Another aspect of great importance in Hapkido is the use of Ki vital energy, which is extremely emphasized in training, through special exercises for its development. The use of Ki causes the Hapkido practitioner to gradually balance the use of his/her energy, avoiding physical wear and tear. Thus, he can fight fiercely against his/her opponents, without the use of all physical force. (Source: CALDAS JR, P. (et. al.). Hapkido: o caminho da energia coordenada. São Paulo: On Line, 2011, our traduction)
Types of techniques
Kompop Techniques (circular movement): Defense exercises in which our body makes circular movements instead of opposing the aggressor. The movement must be light and agile.

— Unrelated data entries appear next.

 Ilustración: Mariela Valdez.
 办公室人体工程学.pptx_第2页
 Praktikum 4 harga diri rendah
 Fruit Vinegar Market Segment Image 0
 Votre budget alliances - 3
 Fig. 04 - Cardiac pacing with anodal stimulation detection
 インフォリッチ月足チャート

Techniques of breathing (tandjon ho hup): respiratory activities in order to increase the flow of energy (ki) of the body. Helps in oxygenation of the brain and lungs. Strengthens muscles and viscera.

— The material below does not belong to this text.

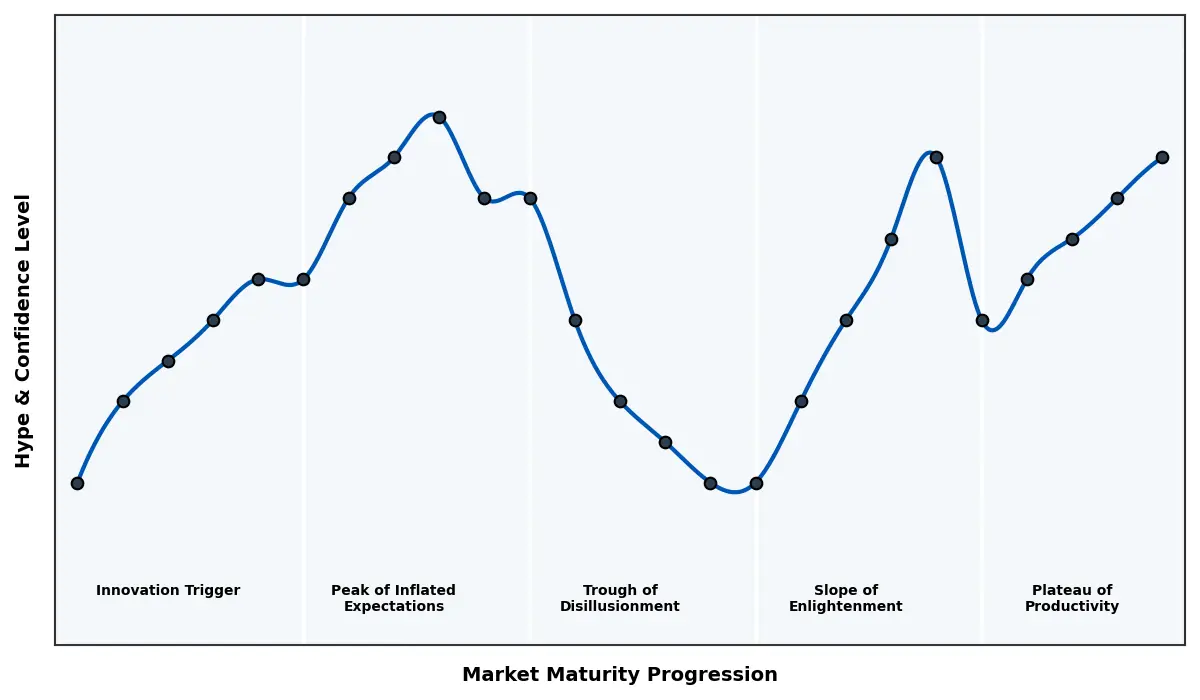 Maturity Graph
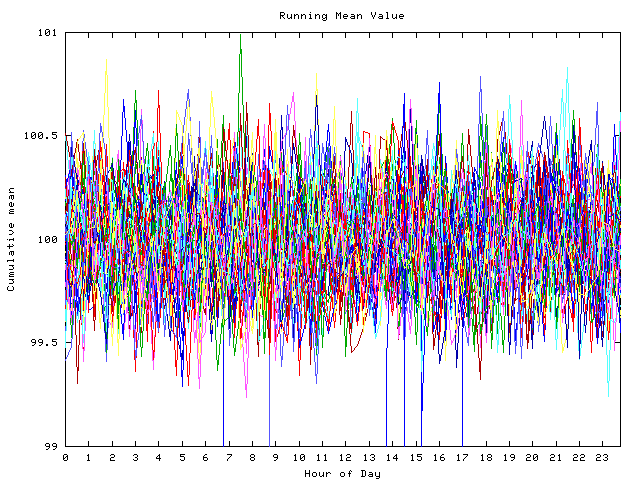 Mean deviation plot for indiv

Techniques of kicks (Tchagui): defense and attack with the use of the lower limbs.
Napop (falls and bearings): exercises so that the student learns to fall without getting hurt.
Terigui (Techniques of beating): techniques of medium and short distances, like punches, elbows, knees, knife hand, among others. These techniques are critical in torsion and immobilization applications. After a blow in vital parts the opponent loses its strength and its concentration becoming an easy target.
Dondigui (throws): techniques of projections with the intention to take the opponent to the ground.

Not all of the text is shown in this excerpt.